Task input:
──────
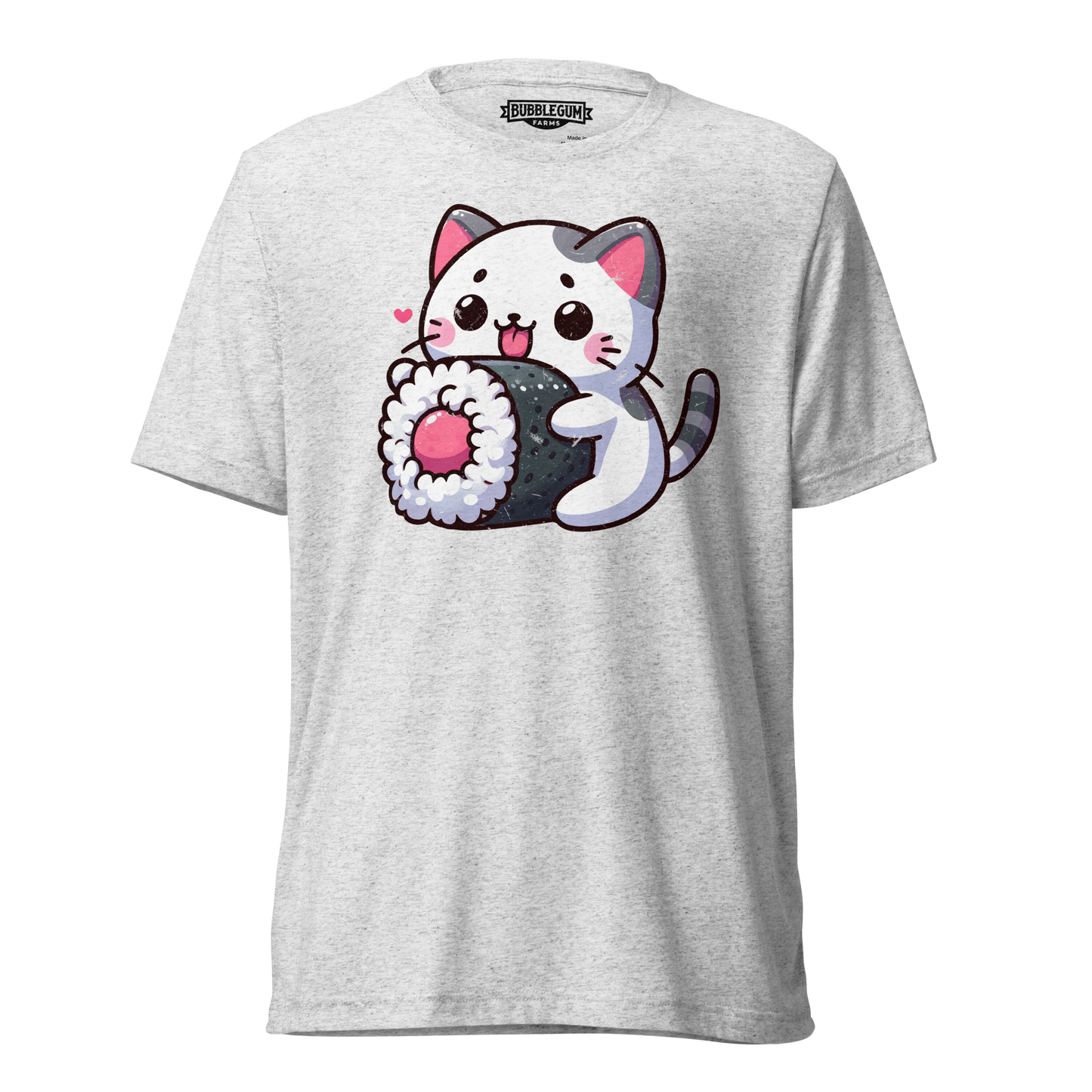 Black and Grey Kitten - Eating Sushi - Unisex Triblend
──────
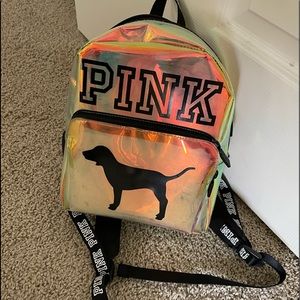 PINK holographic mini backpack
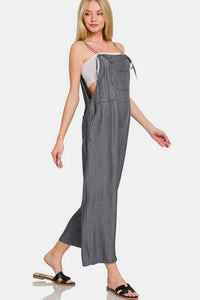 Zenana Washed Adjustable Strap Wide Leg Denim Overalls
──────
What you have to do:
Reproduce the lines above beginning at the line that contains "PINK holographic mini backpack" and ending at the line that contains "Zenana Washed Adjustable". No pictures.

Expected answer:
 PINK holographic mini backpack
 Zenana Washed Adjustable Strap Wide Leg Denim Overalls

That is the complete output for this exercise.